I followed, not wanting to lose my phone.   She had headed to the technician counter, where she asked a senior tech what the NAM1 and NAM2 settings were.   They were both perplexed.  I said "I am not old enough to have been in 'Nam, all I did was toggle the NAM1 and NAM2 setting, and the phone didn't work, so what does NAM1 and NAM2 do on a Verizon Nokia?"  The technicians stood around, shrugging.  And then the young female tech says "you should always leave it on NAM2".  HUH??

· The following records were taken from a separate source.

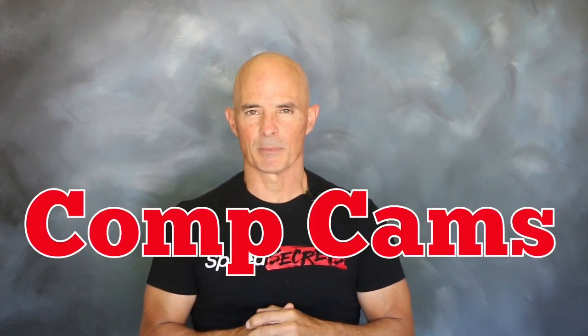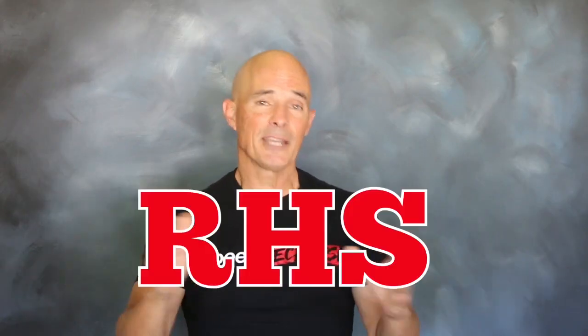Hello everybody, I'm Richard Holdner. Welcome to another episode of Speed Secrets. Today we're working with our friends from Comp Cams — and not just Comp Cams, we also invited the guys from FAST and RHS.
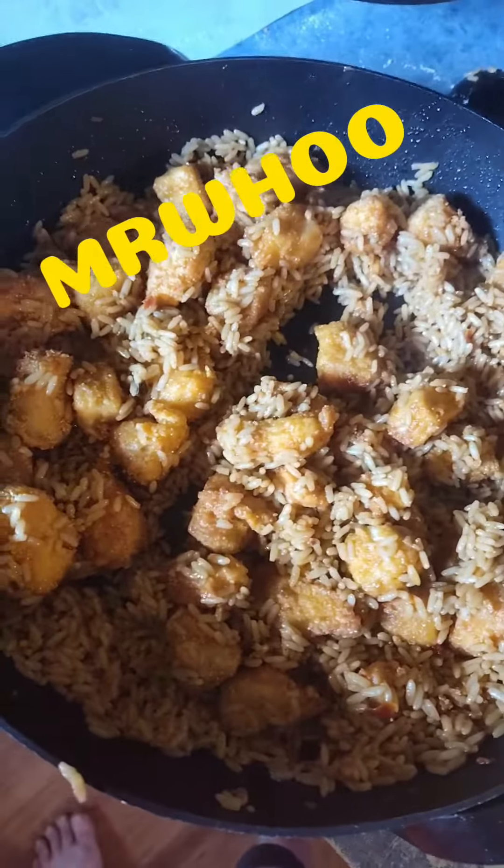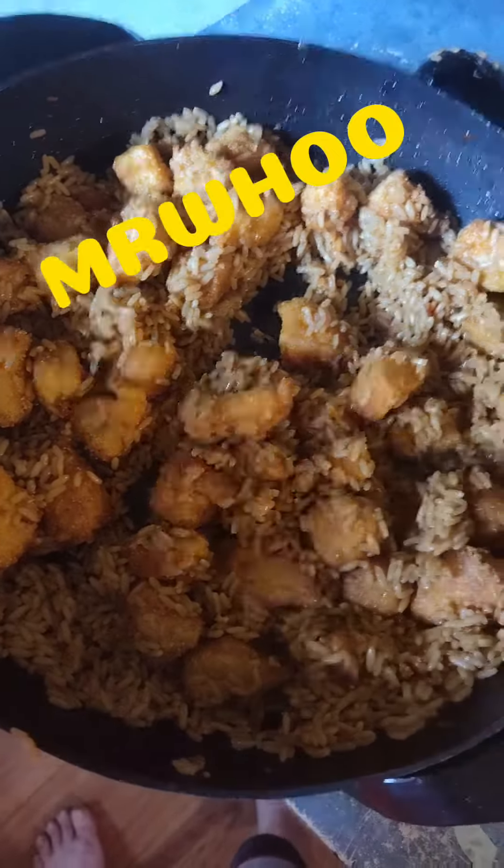Oh, listen to that beautiful sound of goodness! I have added my deep fried chicken to my rice. We're gonna cook that for about five more minutes, then add the sweet and sour sauce and it'll be time to eat.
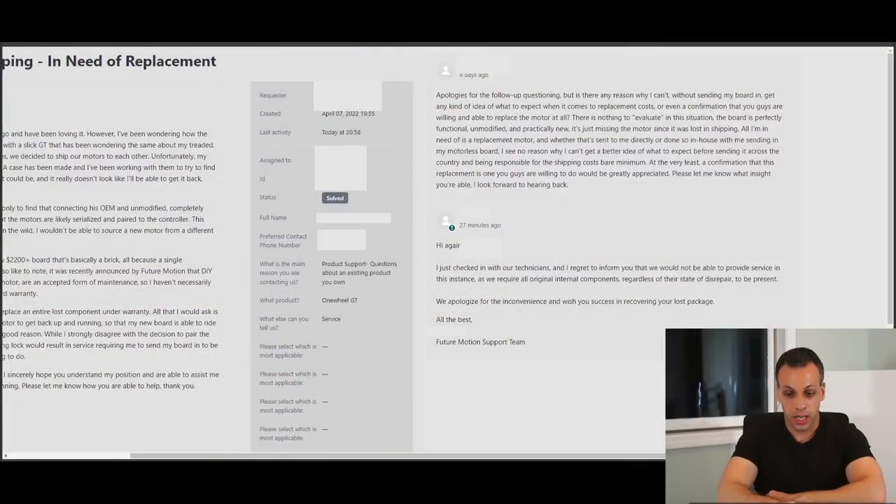If we're going to criticize somebody, we need to criticize them for what they're actually doing wrong, not for what they're not doing wrong. One thing that Future Motion has said — and I will read this quote from Future Motion's attorneys: 'Furthermore, in the case of a broken motor in any OneWheel product, Future Motion will repair or replace the motor, either under warranty or out of warranty as a paid repair.' And because of the wording in this, I do have to respond. They said 'in the case of a broken motor in any OneWheel product' — and in this particular case, they said 'I just checked with our technicians and I regret to inform you that we would not be able to provide service in this instance, as we require all original internal components, regardless of the state of disrepair to be present.'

No, that was the whole problem of why I was in the store in the first place.   Had I never toggled it off NAM1, it would have worked.  Going to NAM2 disabled the phone completely.  If it had been a Alltel phone, it would have locked up and nearly self destructed - gracefully Verizon let me toggle it back without a mother-ship intervention.  I told young tech that she was wrong, and she immediately snapped back "what's your phone number and account password?!?".  'Account password'?  I have no clue.  Dr Desert Flower pays the bill online, and has not shared the 'password' with me.  Young tech demanded my driver's license.  I told her I did not want to renew my contract, or add any features, that I just want my NAM1 toggled phone back now, thanks, I'll be going.  She'd determined that I must be a phone thief, and since I'd insulted her intelligence telling her she was wrong (she really Was Wrong) she was going to confiscate my phone if I could not prove it was mine.

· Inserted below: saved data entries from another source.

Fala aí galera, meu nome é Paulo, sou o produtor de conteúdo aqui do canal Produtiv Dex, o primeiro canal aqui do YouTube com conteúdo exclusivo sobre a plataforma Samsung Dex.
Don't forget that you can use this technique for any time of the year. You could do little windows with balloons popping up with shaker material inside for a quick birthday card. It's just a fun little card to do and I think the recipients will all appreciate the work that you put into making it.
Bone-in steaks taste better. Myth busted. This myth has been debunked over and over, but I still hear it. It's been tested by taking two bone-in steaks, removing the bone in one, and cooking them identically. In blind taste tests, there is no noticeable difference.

Driver's licensed tendered, she compared it to the address on her screen, and was satisfied that I was not a cellular thief.  Handing me back the phone, she repeated her erroneous recommendation to "leave it on NAM2", and I reiterated that "No, NAM2 was the problem, it needs to be on NAM1, thanks anyways."

Googling NAM and Verizon and Nokia, I determined that the NAM settings were where the phone stores it's identity, and should not be messed with (link here).   I also determined that my phone cannot do T9, so therefore, everyone needs to have patience with me, and know that when they text me, I cannot rapidly text them back.   It's an arduous endeavor, to send even the shortest of messages in reply.  And Verizon, you really need to stay completely out of NAM, you don't understand it, and your State College PA store doesn't know how to recommend fixes to confused customers who have ignorantly toggled the settings.

And yes, I need to get a phone with an extended keyboard, that can also send pictures to email, so I stop asking my friends to do it for me. It's annoying and inefficient for them.  I know. I know.